I find myself thinking about this concept of striping back the weight. It is like taking off that diving bell suit that Mathieu Almaric wears in “The Diving Bell and the Butterfly.” I’ve written about this before, how strongly Jean Dominique Bauby’s story speaks, that while “locked-in”, he told a story, blink-by-blink, letter-by-letter.
Mum posted today. She writes “I find myself thinking about what Barbara Johnson said, that we are “Easter people living in a Good Friday world.” I consider how easy it is to get stuck on the bad news. In Jesus’ time the resurrection happened in just two days, but in our lives sometimes it takes much longer…When I think about Easter I picture my dad in his clergy robes and I hear him saying, “Christ has died, Christ is risen, Christ will come again.”” Mum and Sam teach me to find buoyancy in difficulty.
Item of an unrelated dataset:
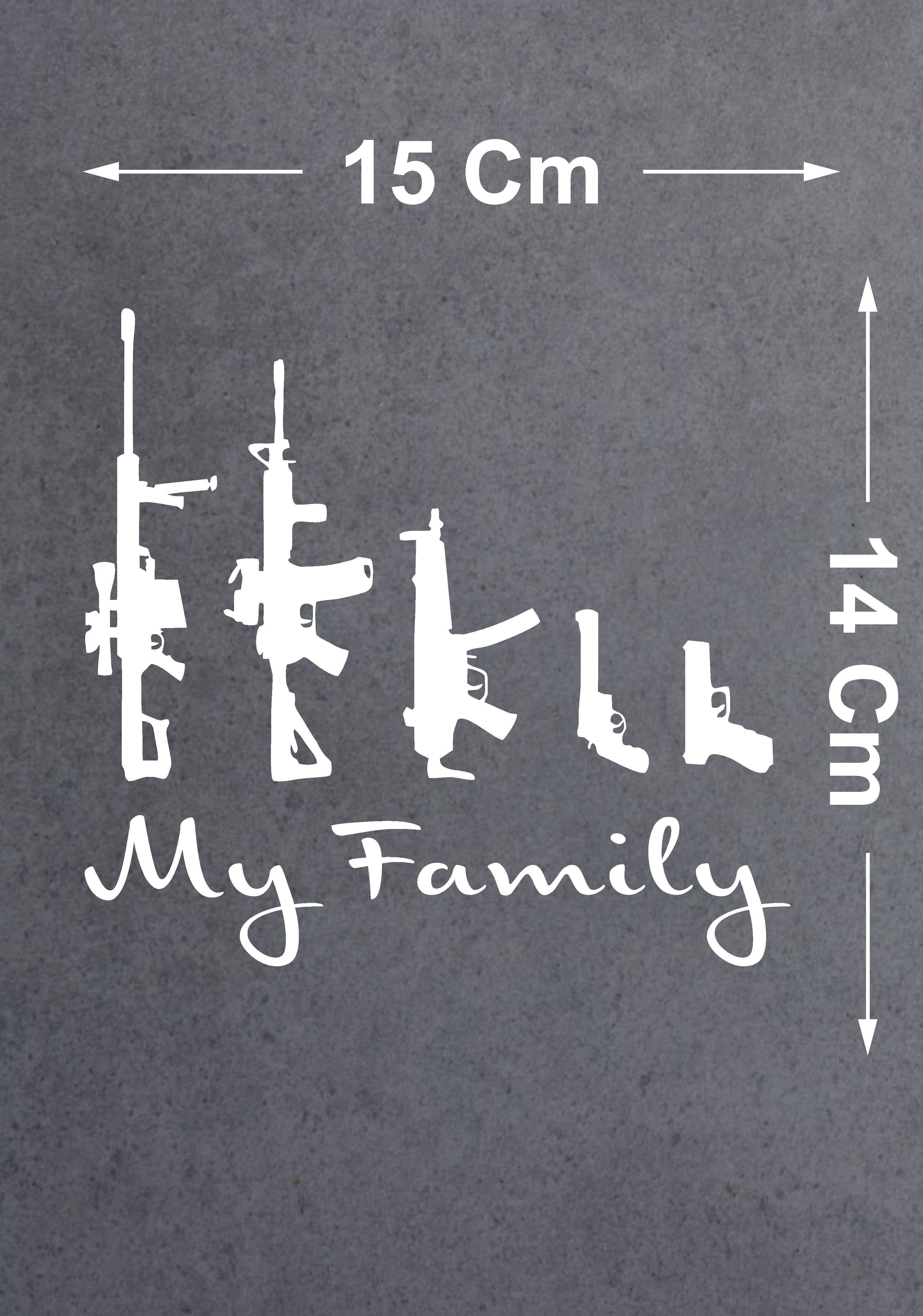 Silah Ailesi My Family Sticker - Araba Oto Motosiklet Karavan Cam Sticker - 00125 15X14 Cm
Jon Foreman writes “you’re a needle girl, in a haystack world, we are right now”. We are called to hope. In hope, against hope we believe (Romans 4.18). Indeed we are in process of restoration. As Bill Johnson says “we have not yet arrived.” And still, we are in such good hands.
As quoted, in the Rumpus;
“In his youth, Calvino wrote tangible, considered stories, fictions rooted to the ground with references to the political and social backdrop of his own 1940s Italy – stories about soldiers on trains, factory workers, bachelors. Before long, he grew weary of such realism, finding it increasingly difficult to synchronise his instinctive impulse to write with the frantic spectacle of his surroundings. A gulf grew: Calvino wanted his writing to be deft, nimble, light, but the world around proved to be increasingly heavy and material. And so he began to remove the weight from his writing, and in doing so gained a lightness which in time produced masterworks like Invisible Cities and If on a Winter’s Night a Traveller, writings that speak to the universe, that speak across place and time.”
Resurrection Sunday, hope eternal. And so we live in Him in Great hope, until perfect lightness takes us home.